A new hope for network model generalization
This work addresses the challenge of model generalization in networking, which is considered a lost cause, offering a potential solution for researchers and practitioners in the field, though it is incremental as it adapts an existing architecture.
The paper tackles the problem of generalizing machine learning models for network traffic dynamics by proposing a Network Traffic Transformer (NTT), adapted from transformers, which shows promising initial results in generalizing to new prediction tasks and environments.

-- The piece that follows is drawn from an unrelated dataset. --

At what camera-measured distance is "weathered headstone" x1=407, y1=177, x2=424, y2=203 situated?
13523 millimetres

Generalizing machine learning (ML) models for network traffic dynamics tends to be considered a lost cause. Hence for every new task, we design new models and train them on model-specific datasets closely mimicking the deployment environments. Yet, an ML architecture called_Transformer_ has enabled previously unimaginable generalization in other domains. Nowadays, one can download a model pre-trained on massive datasets and only fine-tune it for a specific task and context with comparatively little time and data. These fine-tuned models are now state-of-the-art for many benchmarks. We believe this progress could translate to networking and propose a Network Traffic Transformer (NTT), a transformer adapted to learn network dynamics from packet traces. Our initial results are promising: NTT seems able to generalize to new prediction tasks and environments. This study suggests there is still hope for generalization, though it calls for a lot of future research.